- _Work to be completed_
Starting at the line that contains "2012 Toyota Prius C Four" and ending at the line that contains "2800 Jeanetta Street 203, Houston, TX 77063", the lines below are to be given again exactly, with nothing added.

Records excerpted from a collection
######

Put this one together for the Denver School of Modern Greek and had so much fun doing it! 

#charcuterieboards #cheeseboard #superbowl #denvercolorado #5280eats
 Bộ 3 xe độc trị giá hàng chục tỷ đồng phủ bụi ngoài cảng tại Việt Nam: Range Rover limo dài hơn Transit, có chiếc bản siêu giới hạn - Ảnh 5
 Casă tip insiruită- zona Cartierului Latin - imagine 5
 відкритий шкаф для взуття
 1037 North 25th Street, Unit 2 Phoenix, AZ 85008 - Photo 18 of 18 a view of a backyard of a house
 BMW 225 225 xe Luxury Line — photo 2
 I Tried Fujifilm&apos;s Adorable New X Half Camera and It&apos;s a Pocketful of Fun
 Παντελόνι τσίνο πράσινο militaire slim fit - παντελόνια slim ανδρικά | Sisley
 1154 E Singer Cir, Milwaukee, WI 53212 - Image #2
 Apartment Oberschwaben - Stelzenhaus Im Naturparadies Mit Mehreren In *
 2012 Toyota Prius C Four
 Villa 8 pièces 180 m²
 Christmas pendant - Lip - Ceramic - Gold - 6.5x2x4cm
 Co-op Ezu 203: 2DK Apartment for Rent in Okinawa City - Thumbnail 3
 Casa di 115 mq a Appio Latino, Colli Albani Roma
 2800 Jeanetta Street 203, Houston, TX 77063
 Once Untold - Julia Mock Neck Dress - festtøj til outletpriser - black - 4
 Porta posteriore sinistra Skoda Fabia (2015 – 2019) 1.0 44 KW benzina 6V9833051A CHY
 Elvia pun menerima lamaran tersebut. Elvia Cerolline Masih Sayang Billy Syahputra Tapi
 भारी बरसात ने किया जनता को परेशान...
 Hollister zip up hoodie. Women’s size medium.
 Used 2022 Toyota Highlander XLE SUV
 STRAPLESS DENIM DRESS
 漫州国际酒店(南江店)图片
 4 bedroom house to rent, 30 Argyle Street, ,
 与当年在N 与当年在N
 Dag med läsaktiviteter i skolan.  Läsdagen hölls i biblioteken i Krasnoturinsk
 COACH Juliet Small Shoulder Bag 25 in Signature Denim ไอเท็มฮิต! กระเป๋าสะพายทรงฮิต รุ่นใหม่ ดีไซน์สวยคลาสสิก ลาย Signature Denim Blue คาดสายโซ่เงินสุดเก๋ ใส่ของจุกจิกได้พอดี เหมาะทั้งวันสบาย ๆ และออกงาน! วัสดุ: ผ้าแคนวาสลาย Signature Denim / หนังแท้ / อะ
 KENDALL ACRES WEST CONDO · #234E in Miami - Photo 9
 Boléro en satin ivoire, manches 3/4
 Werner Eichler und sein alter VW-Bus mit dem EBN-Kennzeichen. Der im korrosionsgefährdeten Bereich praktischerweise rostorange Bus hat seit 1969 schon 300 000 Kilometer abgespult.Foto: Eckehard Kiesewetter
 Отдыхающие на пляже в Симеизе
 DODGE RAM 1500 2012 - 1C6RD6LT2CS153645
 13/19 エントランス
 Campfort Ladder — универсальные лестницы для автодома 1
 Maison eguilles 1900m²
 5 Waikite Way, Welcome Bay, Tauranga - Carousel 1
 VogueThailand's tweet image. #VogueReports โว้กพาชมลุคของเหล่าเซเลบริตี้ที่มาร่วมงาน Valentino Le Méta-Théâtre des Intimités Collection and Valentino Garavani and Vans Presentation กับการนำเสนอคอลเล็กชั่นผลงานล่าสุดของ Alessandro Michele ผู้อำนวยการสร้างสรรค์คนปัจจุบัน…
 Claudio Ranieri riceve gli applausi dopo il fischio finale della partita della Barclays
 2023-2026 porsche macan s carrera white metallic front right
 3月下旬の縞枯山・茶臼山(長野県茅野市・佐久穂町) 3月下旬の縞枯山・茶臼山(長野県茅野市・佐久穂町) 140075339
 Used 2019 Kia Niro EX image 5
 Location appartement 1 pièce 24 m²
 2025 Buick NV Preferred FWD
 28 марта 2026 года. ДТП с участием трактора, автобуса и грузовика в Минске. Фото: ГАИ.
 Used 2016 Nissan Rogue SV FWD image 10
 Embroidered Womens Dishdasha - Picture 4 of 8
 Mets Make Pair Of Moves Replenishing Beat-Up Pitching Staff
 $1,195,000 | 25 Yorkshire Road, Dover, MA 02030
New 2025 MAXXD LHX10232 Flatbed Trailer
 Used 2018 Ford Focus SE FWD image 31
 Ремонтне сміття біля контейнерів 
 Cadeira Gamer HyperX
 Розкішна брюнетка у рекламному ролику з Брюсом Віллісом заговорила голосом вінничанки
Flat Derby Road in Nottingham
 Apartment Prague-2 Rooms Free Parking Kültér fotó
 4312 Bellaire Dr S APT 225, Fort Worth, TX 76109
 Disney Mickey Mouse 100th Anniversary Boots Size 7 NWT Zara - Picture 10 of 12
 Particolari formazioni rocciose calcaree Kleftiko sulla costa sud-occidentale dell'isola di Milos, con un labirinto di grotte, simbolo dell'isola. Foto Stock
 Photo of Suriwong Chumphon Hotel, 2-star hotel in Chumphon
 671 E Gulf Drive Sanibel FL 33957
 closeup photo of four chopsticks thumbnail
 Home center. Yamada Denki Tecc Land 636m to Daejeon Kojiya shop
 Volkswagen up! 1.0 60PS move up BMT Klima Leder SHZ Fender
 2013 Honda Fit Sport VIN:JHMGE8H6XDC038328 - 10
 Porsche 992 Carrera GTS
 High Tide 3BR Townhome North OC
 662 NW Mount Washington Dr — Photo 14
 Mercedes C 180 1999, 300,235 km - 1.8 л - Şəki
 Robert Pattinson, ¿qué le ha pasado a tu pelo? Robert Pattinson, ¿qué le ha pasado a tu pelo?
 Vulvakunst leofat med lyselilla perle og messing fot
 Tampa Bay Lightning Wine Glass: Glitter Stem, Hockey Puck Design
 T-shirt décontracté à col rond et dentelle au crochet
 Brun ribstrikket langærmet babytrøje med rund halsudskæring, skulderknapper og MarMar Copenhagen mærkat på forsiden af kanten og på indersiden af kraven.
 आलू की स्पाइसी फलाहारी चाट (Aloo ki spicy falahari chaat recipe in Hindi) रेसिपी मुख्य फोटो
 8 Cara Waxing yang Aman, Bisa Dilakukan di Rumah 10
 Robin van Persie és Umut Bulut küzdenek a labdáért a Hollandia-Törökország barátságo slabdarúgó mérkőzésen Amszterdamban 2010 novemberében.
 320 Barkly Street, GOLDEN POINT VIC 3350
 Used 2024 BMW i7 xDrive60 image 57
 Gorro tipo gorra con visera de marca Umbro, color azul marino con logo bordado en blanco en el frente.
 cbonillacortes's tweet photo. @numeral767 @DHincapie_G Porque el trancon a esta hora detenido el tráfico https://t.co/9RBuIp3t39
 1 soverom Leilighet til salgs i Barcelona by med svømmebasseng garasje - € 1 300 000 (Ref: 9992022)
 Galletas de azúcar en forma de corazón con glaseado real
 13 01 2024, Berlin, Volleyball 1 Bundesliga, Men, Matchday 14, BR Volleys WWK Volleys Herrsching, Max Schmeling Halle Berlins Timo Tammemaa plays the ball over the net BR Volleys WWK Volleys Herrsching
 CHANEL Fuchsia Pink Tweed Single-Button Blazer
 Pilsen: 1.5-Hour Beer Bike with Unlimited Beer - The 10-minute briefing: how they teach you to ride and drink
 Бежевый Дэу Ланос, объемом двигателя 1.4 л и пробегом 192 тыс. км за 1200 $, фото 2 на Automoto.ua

######

- _Task response_
 2012 Toyota Prius C Four
 Villa 8 pièces 180 m²
 Christmas pendant - Lip - Ceramic - Gold - 6.5x2x4cm
 Co-op Ezu 203: 2DK Apartment for Rent in Okinawa City - Thumbnail 3
 Casa di 115 mq a Appio Latino, Colli Albani Roma
 2800 Jeanetta Street 203, Houston, TX 77063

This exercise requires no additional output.